A reader writes:
I’m a consultant and I have been looking to join a larger consultancy. In hunting around, I found one... on its face, the organization seems to be perfect. My personal philosophy meshes well with their stated philosophy, etc.
I sent off an unsolicited e-mail, asking if they needed someone like me. Their CEO responded in 3 days. Over the course of the next two days, I talked extensively with the first interviewer. By day 7, I’d spoken with him at length and he passed me onto another interviewer.
Three days later (day 10), the second interviewer got in touch... We went on to speak that day. They also asked me to fill out two “team” psychological/personality inventories. I completed them that afternoon.
Five days after that (day 15), the first interviewer e-mailed to say that he wanted me to talk with two others on their team and to scheduled the next interview. Three days later (day 18), that interview was scheduled for the following afternoon.
Day 19 was interview three. It also went well. I didn’t want another long delay, so I e-mailed the first interviewer to tell him things went well. Four days later (day 23) I got a response saying that that was great... and that I now needed to talk with interviewer four.

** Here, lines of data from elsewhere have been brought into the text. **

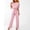 *Pink, variant on ClodeEU Women Short Sleeve Playsuit Clubwear Straight Leg Jumpsuit With Belt Pink,Womens Plus M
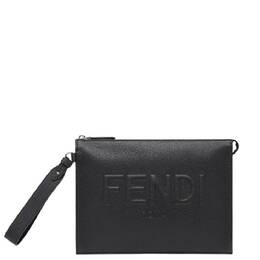 Fendi Embossed Logo Zipper Leather Clutch 7va491-amac-f0gxn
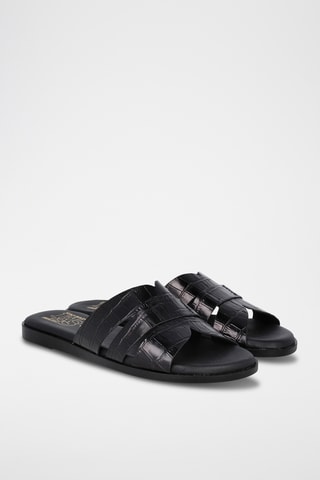 Mules en cuir Menorca - Noir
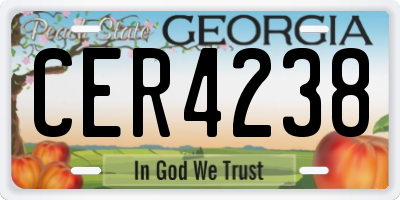 GA license plate CER4238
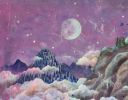 Purple Saddle Mountain | Oil And Acrylic Painting in Paintings by Sarah Stivers | Red E Café in Portland. Item made of canvas with synthetic works with contemporary style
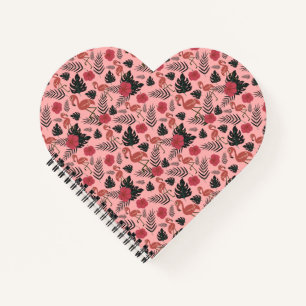 Roze flamingo naadloze patroonbloemen en -bladeren notitieboek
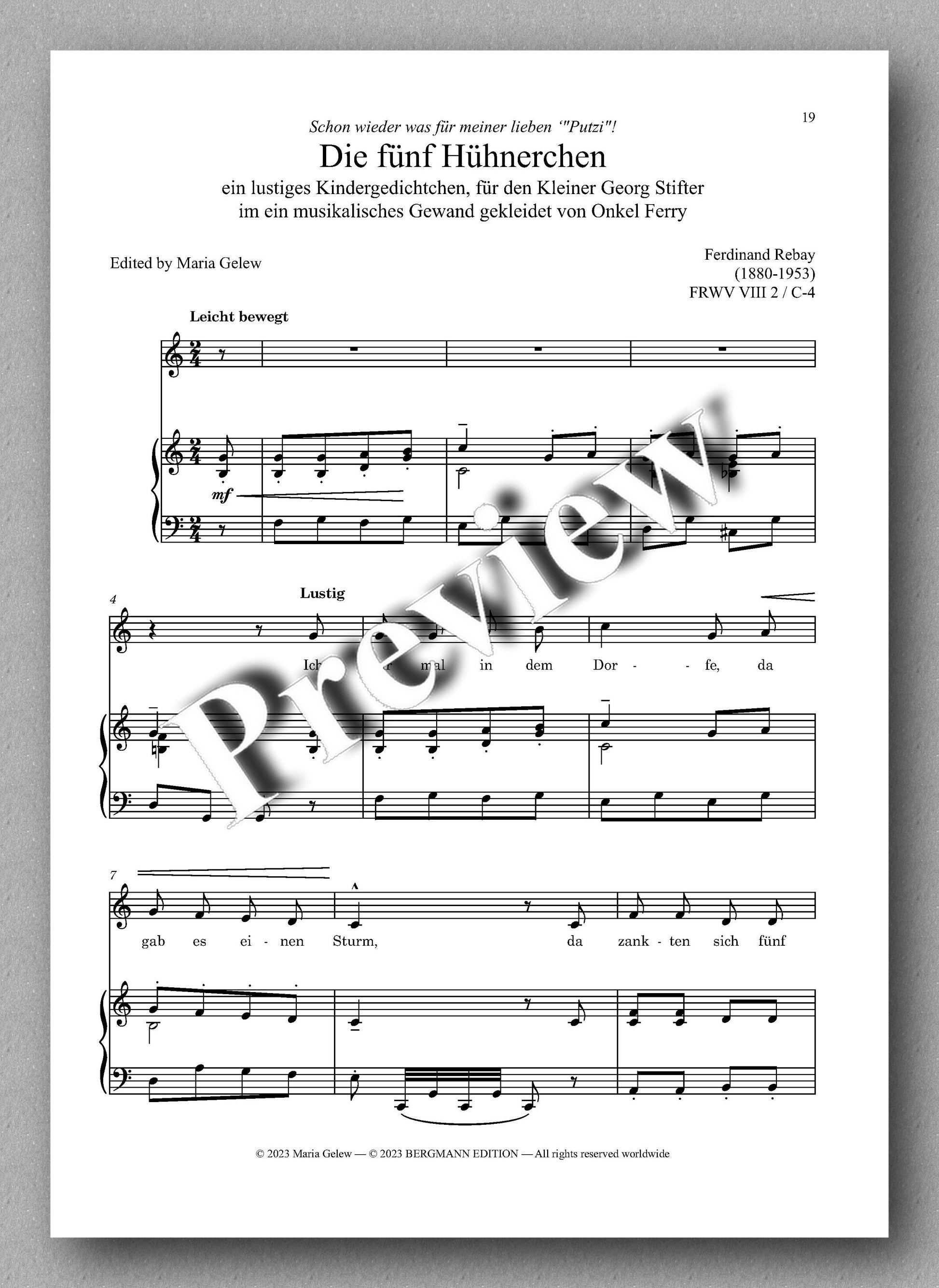 Ferdinand Rebay, Kinderlieder mit Klavierbegleitung - preview of the music score 4
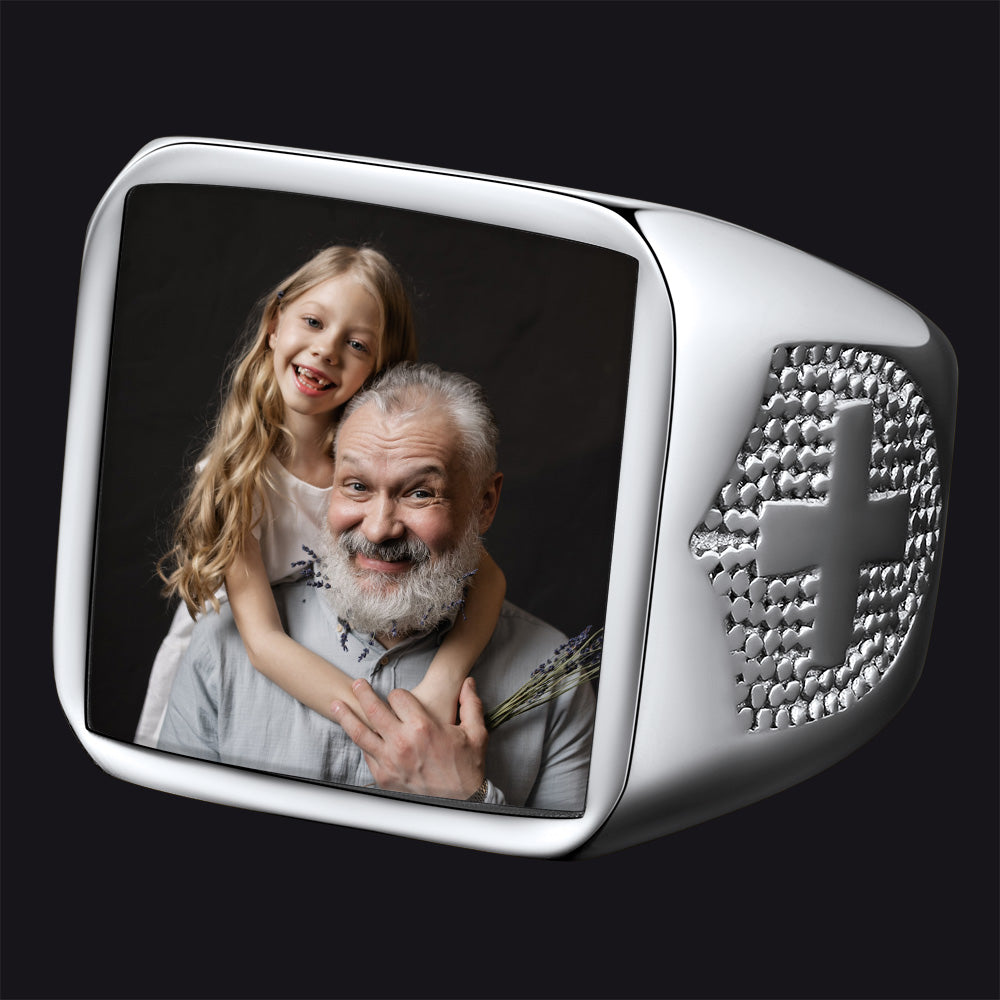 FaithHeart Custom Engraved Cross Signet Ring With Photo for Men FaithHeart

At this point (day 24), I e-mailed the CEO again, as he had asked me to keep him abreast of how things were progressing. I told him that this was a gauntlet interview process. He e-mailed back to say that I’d not seen anything yet... that interviewer four was killer.
Interview four happened on day 28... and I received an e-mail on day 29 responding to my latest thank you with notice that they were going to start checking references.
On day 35, I sent a note to interviewer four, making sure that things were progressing well and that they were getting the info they needed from my references (I knew that they’d been talking with my references as I was getting feedback from the references after each call).
Nine days later (day 44), I finally talk with the CEO. He is interested.... but now wants to hire me as a consultant for the first few months to “try before he buys” me as a full-time employee. I tentatively agree, stating that I’m really on the market for full time work... but that as long as we were moving forward towards full time employment, I would be happy to work for him.
He seemed pleased and told me that he’d have someone on his staff get me a contracting agreement via e-mail to get us going.
One day later (day 45), and I received an e-mail from that staffer asking for my contact details to fill in on the template agreement. I responded almost immediately. I didn’t get anything back by the end of that day, so I e-mailed to make sure he received my info. On day 46, he wrote to say that he’d been having e-mail difficulties... that he now had my info (I had to resend) and that he’d be preparing the agreement.
It’s now 5 days after that (day 50) and I’ve not yet received the document.
Quite frankly, at this point, I’m more than a little frustrated. I obviously have continued to look for employment (thank god I didn’t stop when I had the first great conversation almost 2 months ago)... but this seems a little excessive. I don’t want to get snippy and send off an e-mail I might later regret. I’m looking for an outsider’s perspective on timing and pacing to know whether I’m being unreasonable in thinking that they’re REALLLLLLLLLLY slow.
I have a couple of thoughts and none of them are all that conclusive:
1. On one hand, they're not being all that slow in terms of response time. You got an initial response to your resume in three days and an extensive first interview within one week.
2. On the other hand, they appear to have 72 steps to their interviewing process. I'm actually all for being thorough, but I do think that when you have an extensive process like this, you should tell the candidate what the process will be at the start. You shouldn't have been left in the dark on that.
3. The "try before you buy" thing irks me for the same reason. This should have come up earlier. I might consider asking them, "Is this typical or is there something about my candidacy that has you less certain than usual?" The answer might be interesting.
4. All that aside though, the only thing that really bothers me about the timeline itself is what has happened at the end -- the delay in getting you the contract. I would contact them and ask for an ETA and explain that if you're going to accept the position, you need to begin wrapping up other commitments, and imply that you're not able to stop your job search until that contract is signed.
There could be a perfectly innocent explanation -- the guy preparing the contract has been out sick, swamped with other work, or whatever. But they owe you a status update, at least. If you can't get that out of them, something smells bad. But at this point, I wouldn't draw any conclusions just yet -- just keep sniffing around and remain skeptical.